The wave of competitive populism is throwing in its daily tide of game-changing ideas, and a preemptive dose of doles to outbid each other. The only winner can be the ones who have shown the patience of queuing up in election after election, and casting a vote to elect the few. The latest being the idea of Minimum Income Guarantee (MIG), as proposed by Congress President Rahul Gandhi. From ‘Garibi Hatao’, a downright winner five decades ago, back to ‘Minimum Income’ now, the semantics might have changed, but the goal remains the same.
Though the latest data suggests that India might have pulled almost 80 percent of its population out of abject poverty in the last decade, there is no denying the fact that in the same period, we have ‘achieved’ an increase in inequality, more than any other country.
How Helpful Will ‘Direct Income Transfer’ Be?

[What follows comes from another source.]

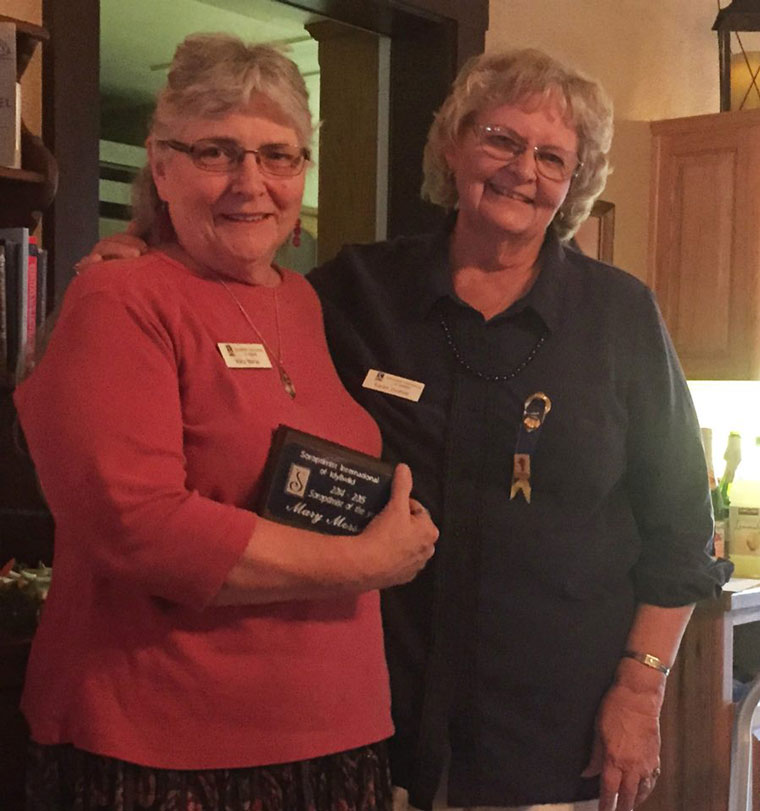 Mary Morse (left), Soroptimist of the Year 2014-15, receives congratulations from President Karen Doshier during the Recognition Dinner on June 17. Photo by Theresa Teel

The millions of people living at the bottom tier essentially require the State’s support, to live a life of dignity. The Modi government has made a move in this direction just before the general elections, by making a provision of Rs 75,000 crore for 12 crore farmers in the next financial year, under the Pradhan Mantri Kisan Samman Nidhi scheme (announced in the interim budget).
Building on the existing infrastructure created by JAM (Jan Dhan-Aadhaar-Mobile), the government is all set for direct income transfer of an initial amount of Rs 2,000 to 10 crore farmers who have a landholding of less than 2 acres in the present quarter. However, the income guarantee of Rs 6,000 per year is far less than the income support provided by Odisha and Telangana, which is Rs 10,000 per year, and Rs 8,000 per acre per year, respectively.